Enough with the Jeep-bashing

After reading my second column by Mike Littwin involving Jeep owner-bashing ("You can bet we'll soon hoard all our bread to buy Jeeps"), it is time for at least one Jeep owner to respond.

Unfortunately, I am not privileged enough to work from my home as is Mr. Littwin, but I am deemed "critical personnel" by my employer, whose offices are 94 miles round trip from my house. I manage the direct deposit functions at a financial institution. In other words, Mike, I am trying to get to work so people have money in their accounts to buy the bread, milk, lottery tickets and Sun paper that they deem necessary to survive the weather.

I have owned Jeeps for the last 15 years, long before they became the "Yuppiemobiles" as depicted by Mr. Littwin.

They're a reliable means of transportation, and yes, as I've been able to afford it over the years, I have upgraded the model that I drive. No one but myself pays for that privilege. (Mike, if you're financing my car, you're behind in your share.) Any four-wheel-drive vehicle does not bring out the best in folks that have been cooped up in their homes and are now taking out that extra surge of testosterone on the rest of us.

But I have also noticed this in folks driving anything from Volkswagen Beetles to Mercedeses with the windows caked with ice so that they have no visibility, or they're riding on "baloney skin" tires or a combination of both.
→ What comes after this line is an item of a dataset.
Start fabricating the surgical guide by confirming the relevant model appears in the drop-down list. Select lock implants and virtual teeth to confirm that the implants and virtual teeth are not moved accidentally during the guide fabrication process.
Poor judgment is poor judgment, no matter what someone has in their bank account.

So Mike, the next time you're running to the automated teller machine to get money to buy essentials, but there's no money in your account because your paycheck didn't make it, think of me.

Linda A. Collins


Capital fight over federal, local control

I'm getting scared during this government shutdown and budget impasse. But I'm not afraid of the shutdown. I'm afraid of the public reaction. I'm scared because it seems to me that the American people no longer want representative democracy.
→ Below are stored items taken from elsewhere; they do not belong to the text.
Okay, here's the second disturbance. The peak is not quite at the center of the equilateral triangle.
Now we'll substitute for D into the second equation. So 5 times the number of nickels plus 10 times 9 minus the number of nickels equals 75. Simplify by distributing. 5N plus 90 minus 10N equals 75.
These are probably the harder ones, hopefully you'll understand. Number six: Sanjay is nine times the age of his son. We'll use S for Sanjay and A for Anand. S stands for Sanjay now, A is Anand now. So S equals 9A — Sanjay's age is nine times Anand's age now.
This fight on Capitol Hill is a fine example of democracy in action. The freshman Republicans are doing exactly what they were sent to Washington to do. Their constituents, who voted them into office and whose views they represent, told them they wanted smaller government and a balanced budget.

But there is a more fundamental issue at stake: whether or not there should be a concentration of centralized power. It is a philosophical argument between those who think that the federal government should control and oversee programs on a national scale, and those who feel power should be concentrated at the local level.

The federalists would argue that centralized programs ensure fairness and equality. But federal oversight also allows the federal government to set the rules and intrude into local decisions and private lives, to the detriment, some feel, of creativity and responsiveness to local needs.